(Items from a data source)
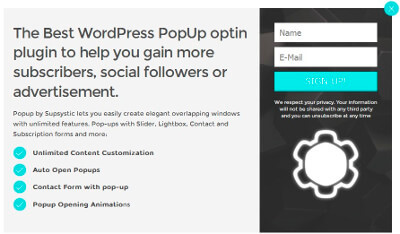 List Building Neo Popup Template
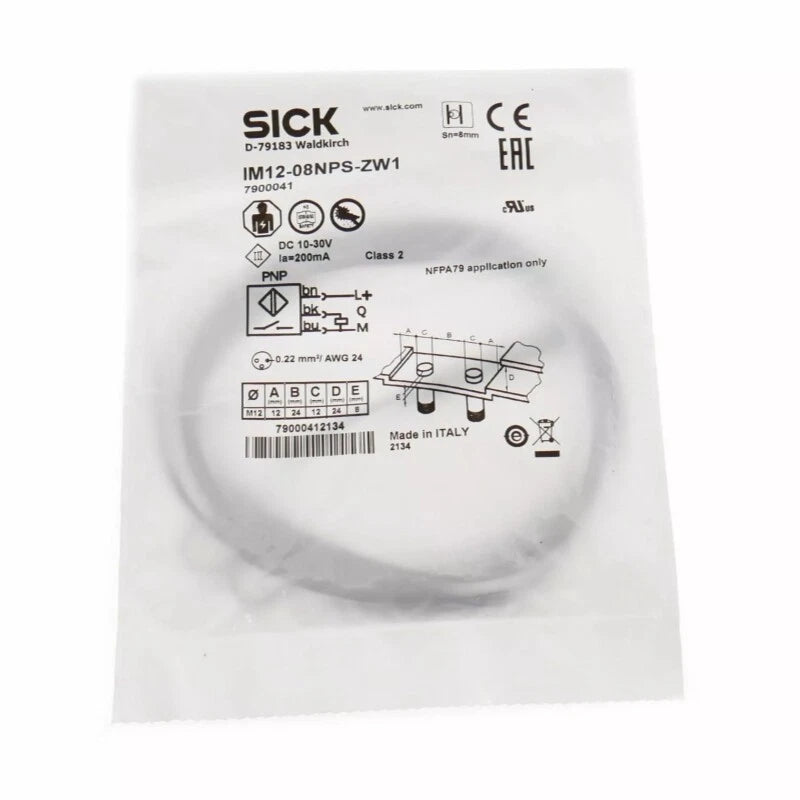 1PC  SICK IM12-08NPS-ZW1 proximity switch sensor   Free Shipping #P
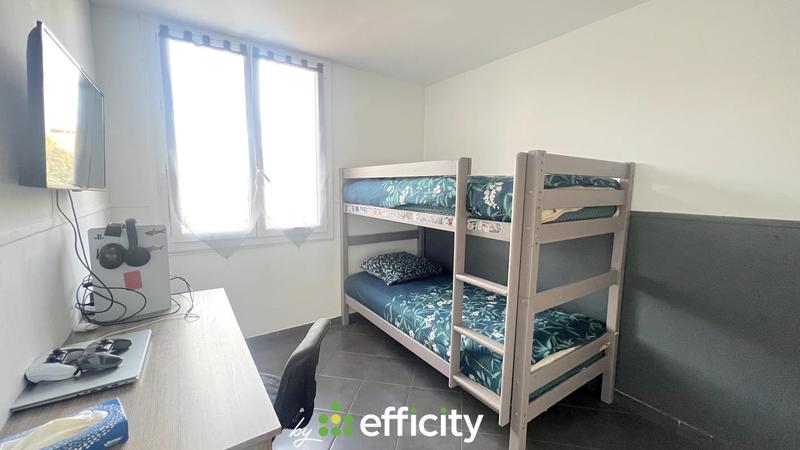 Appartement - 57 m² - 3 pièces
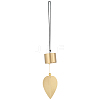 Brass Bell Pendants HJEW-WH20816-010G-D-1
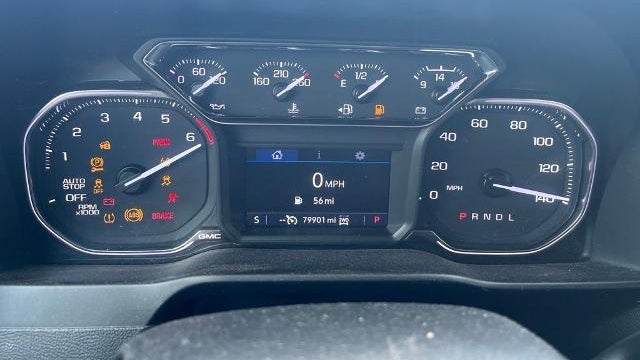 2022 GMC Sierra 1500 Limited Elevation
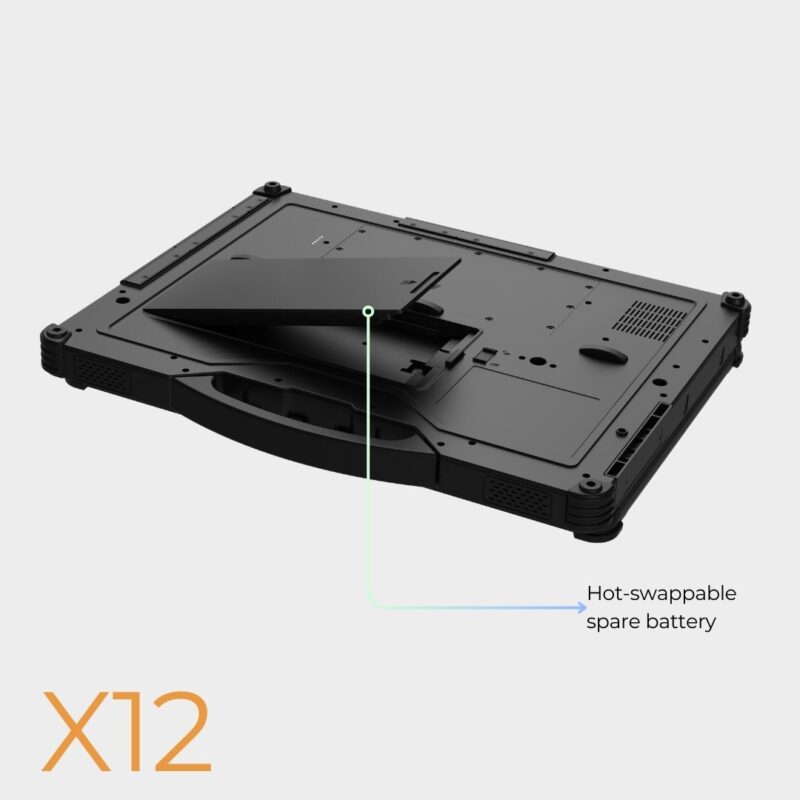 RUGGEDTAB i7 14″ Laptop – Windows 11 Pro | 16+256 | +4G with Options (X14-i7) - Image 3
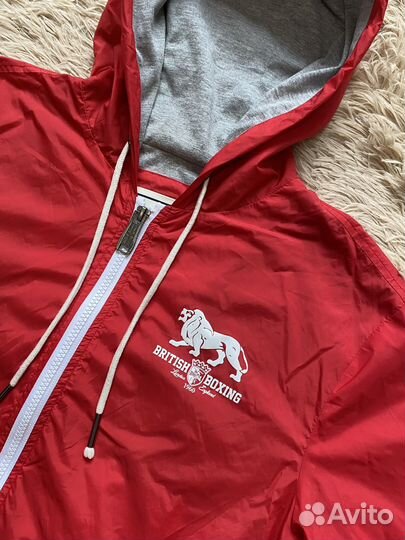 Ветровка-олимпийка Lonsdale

Activity → Output only these lines, word for word: the line containing "Appartement - 57 m² - 3 pièces" and every line after it through the last line of the data. Omit the pictures.

Output for this task →
 Appartement - 57 m² - 3 pièces
 Brass Bell Pendants HJEW-WH20816-010G-D-1
 2022 GMC Sierra 1500 Limited Elevation
 RUGGEDTAB i7 14″ Laptop – Windows 11 Pro | 16+256 | +4G with Options (X14-i7) - Image 3
 Ветровка-олимпийка Lonsdale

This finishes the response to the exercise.